▶ Problem: In the data below, find every line with the word "Hotel" and copy it.
++++++++++
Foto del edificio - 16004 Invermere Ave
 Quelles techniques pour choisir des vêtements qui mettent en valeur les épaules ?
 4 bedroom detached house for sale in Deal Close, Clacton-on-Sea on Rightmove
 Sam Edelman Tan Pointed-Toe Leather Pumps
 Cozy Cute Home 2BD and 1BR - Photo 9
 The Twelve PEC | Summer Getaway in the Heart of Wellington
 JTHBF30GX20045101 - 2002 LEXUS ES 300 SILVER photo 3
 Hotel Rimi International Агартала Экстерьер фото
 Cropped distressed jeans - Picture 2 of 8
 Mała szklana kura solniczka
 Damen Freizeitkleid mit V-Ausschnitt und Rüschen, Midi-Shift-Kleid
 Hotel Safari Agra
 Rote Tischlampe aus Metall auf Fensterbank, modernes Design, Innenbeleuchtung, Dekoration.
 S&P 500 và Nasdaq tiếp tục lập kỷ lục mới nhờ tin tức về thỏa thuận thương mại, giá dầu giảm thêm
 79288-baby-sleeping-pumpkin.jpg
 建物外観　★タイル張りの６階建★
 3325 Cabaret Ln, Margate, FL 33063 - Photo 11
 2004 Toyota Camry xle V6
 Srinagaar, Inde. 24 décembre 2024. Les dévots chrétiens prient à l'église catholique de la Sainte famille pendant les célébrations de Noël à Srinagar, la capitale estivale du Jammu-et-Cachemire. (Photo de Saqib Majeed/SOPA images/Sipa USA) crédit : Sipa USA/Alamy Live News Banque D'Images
++++++++++
▶ Answer to this task:
 Hotel Rimi International Агартала Экстерьер фото
 Hotel Safari Agra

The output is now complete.